No, it wasn’t somebody’s idea of an April Fools’ Day joke, moving Halloween to April 1st.
Actually, today was the First Annual High-Steppin’ Walk-a-Thon, a fundraising event that was organized by business students and the Support Our Student Campaign. SOS raises funds to assist students who can’t afford tuition due to emergency situations. All the money raised today will be matched by Langara College, go towards the Lloyd Nicholson Memorial Scholarship, and be awarded to students with outstanding musical ability.
Lloyd Nicholson, who had taught and worked at Langara College as a musical director for the last 25 years, passed away suddenly last October. The Lloyd Nicholson Memorial Scholarship was established this year as a tribute to his memory.
I talked to Krista Bergmann, one of the project managers, who described Lloyd as “very flamboyant, and he loved bright clothes and high heels.”
“That’s why we decided to create a fun, glitzy event to honour him,” she said.
“He was known as a kick-ass musical director in this country,” added Kathryn Shaw, the artistic director for Studio 58. “He brought out the best in the students, and we feel his loss profoundly.”

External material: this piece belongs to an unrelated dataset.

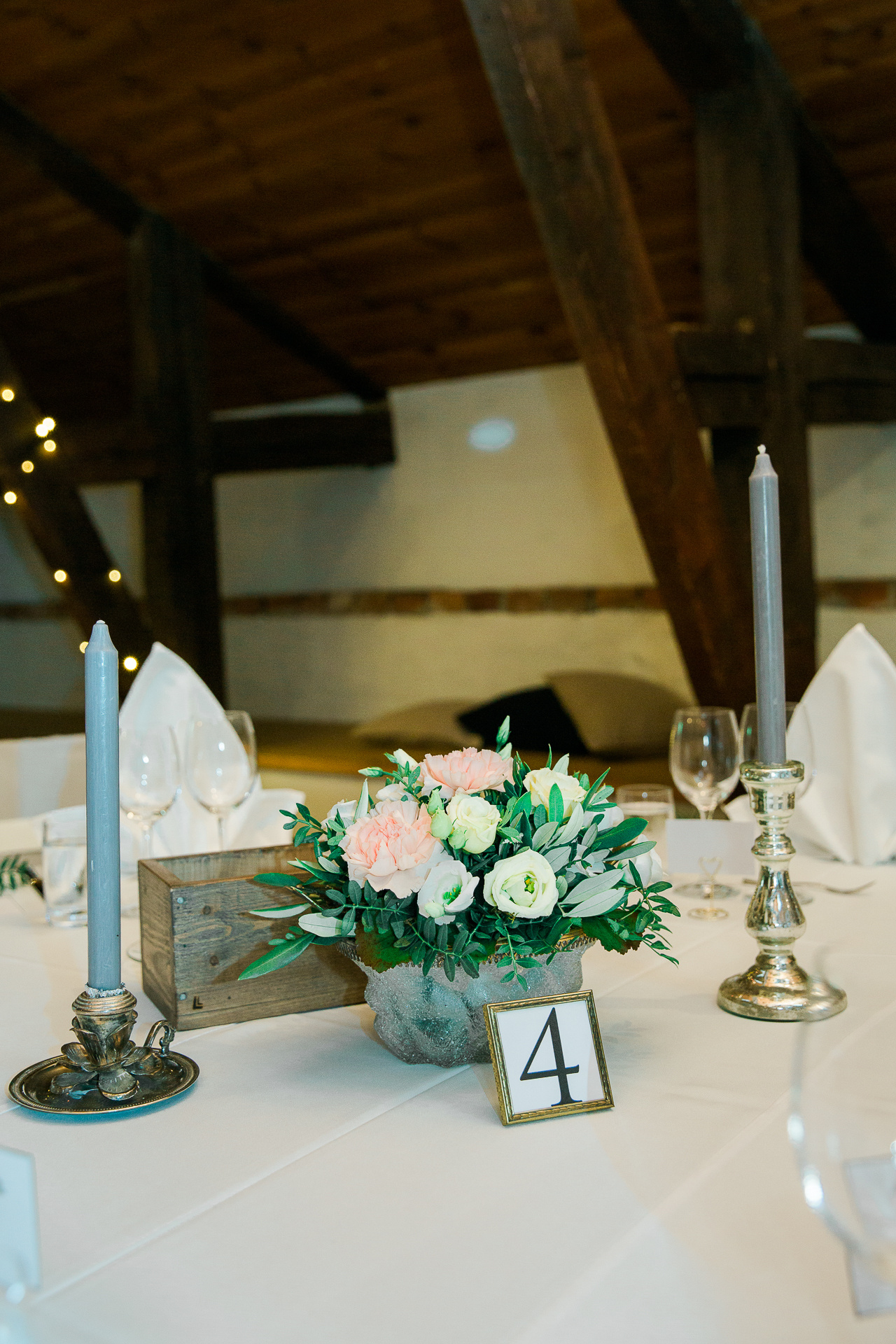 Stailaus Vsehki, antiikkikauppa Vsehki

Despite the rain, everyone was in high spirits. After a heartwarming performance of “Springtime Happening” by Studio 58 students, a handful of toddlers donning Easter bunny ears kicked off the Walk-a-Thon. Everyone else followed suit in their funky costumes and shoes through the route that started at the front entrance of the school, wound its way inside the school and came back out again.
Nearly 100 walkers strutted down the red carpet, doing cartwheels, flexing their biceps and striking model poses—anything to impress a panel of three judges. The judges determined winners for categories such as craziest heel, craziest costume, most creative shoe and highest energy.
Erin Lapointe, who had a giant afro and wore a sparkly gold top, hoop earrings, large sunglasses, and five-inch platform heels (think Beyonce), believed she was definitely a “shoe-in” for craziest heel.
“They’re pretty painful,” she admitted after her fourth lap. “But the blisters and sore feet are worth it."
Erin did end up winning the prize for craziest heel, but not without first competing in a walk-off against another saucy contender in front of the judges.
Even after the event was over, the atmosphere was still pumped with energy as people danced to music mixed by a DJ. Standing there, eating complimentary chocolate cake, I was pretty amazed. Krista and ten other students had started planning this event in February. In merely two months, they had a glitzy, fun fundraiser going and even managed to invited people such as Kim Cathers from Project Run Way Canada to participate in the judging.
Although it started out as a final term project, the student organizers and the school’s administration want to bring it to the next level and make it an annual event so that they could keep fundraising for the school's bursury and scholarship campaign. After what I witnessed today, I'm pretty sure they can do it.